The report points out that China will likely delay the shipment of components needed to repair data centers taken offline by these attacks, especially considering that the United States is on the verge of developing superintelligence. “We should expect that lead times for generators, transformers and other critical data center components sourced from China will begin to mysteriously lengthen, exceeding current lead times,” say the Harris brothers.
“This will be a sign that China is quietly diverting components to its own facilities, since, after all, it controls the industrial base that produces most of them.”
The absence of security in AI labs
Although the situation is slowly improving, the report warns that neither existing data centers nor the AI labs themselves are secure enough to prevent the artificial intelligence models stored in them from being stolen by hostile states such as China.
“According to several researchers we spoke with, security in frontier artificial intelligence labs has improved slightly over the past year, but remains wholly inadequate to resist nation-state attacks,” the authors say. “According to former insiders, poor security controls in many frontier AI labs originally stem from a cultural bias that prioritizes speed over security.”
Time is running out
“A project like this [Manhattan Project] requires the construction of a new data center, security must be integrated from the outset into an offensive counterintelligence movement that disrupts similar projects by adversaries.”
As new capabilities become available that can buy America time, they must be incorporated quickly and efficiently into offensive activities, “while the intelligence we gather from adversaries must inform the types of capabilities we seek to develop in real time,” the two experts add.
The window for action is closing rapidly, then.
Many in Silicon Valley believe that artificial intelligence capable of automating most software engineering work is less than a year away. “Our interviews with current and former employees of frontier labs strongly suggest that this belief is well-founded and genuine. If they are right, the authors warn that we need to start building a fully secure, gigawatt-scale AI data center within a few months, and figure out how to handle the unexpected.
“We may not achieve superintelligence any time soon. But if we do, and we want to prevent the PCC from stealing it or crippling it, we need to start building the secure facilities for it as early as yesterday.”

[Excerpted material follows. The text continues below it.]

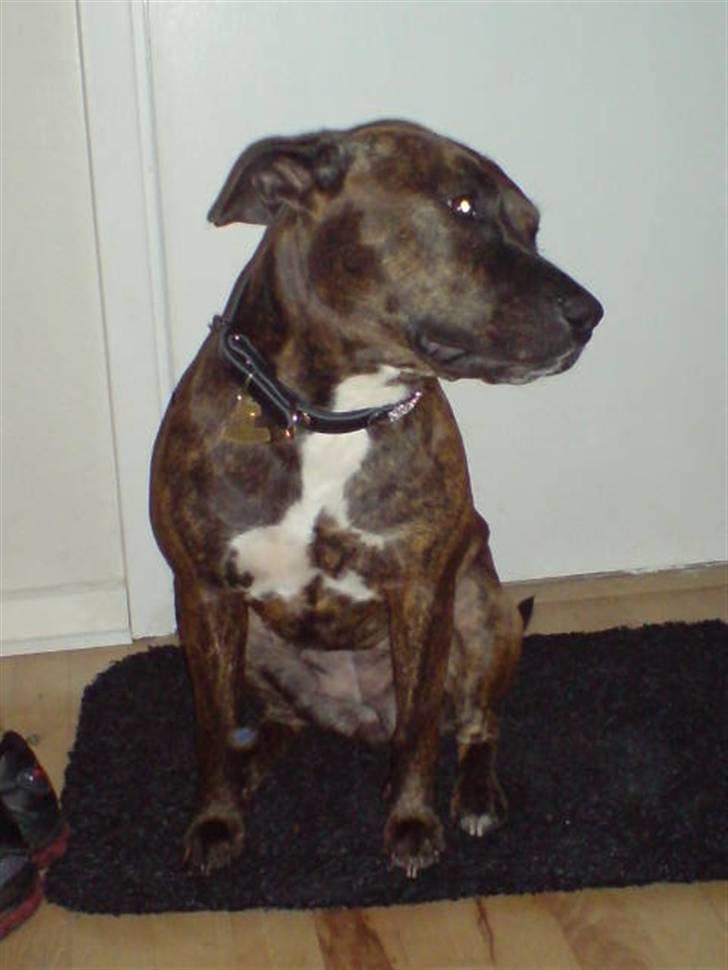Amerikansk staffordshire terrier Zoe billede 18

he report offers detailed recommendations, including specific actions that America can take immediately, even without a full national blueprint. Implementing these recommendations will be a daunting task.
It will require unprecedented coordination between government, industry and the national security community. It will be costly, disruptive and politically difficult.” But the alternative -- a world in which the CCP builds superintelligence first or in which we fail to effectively control our own -- is far worse.”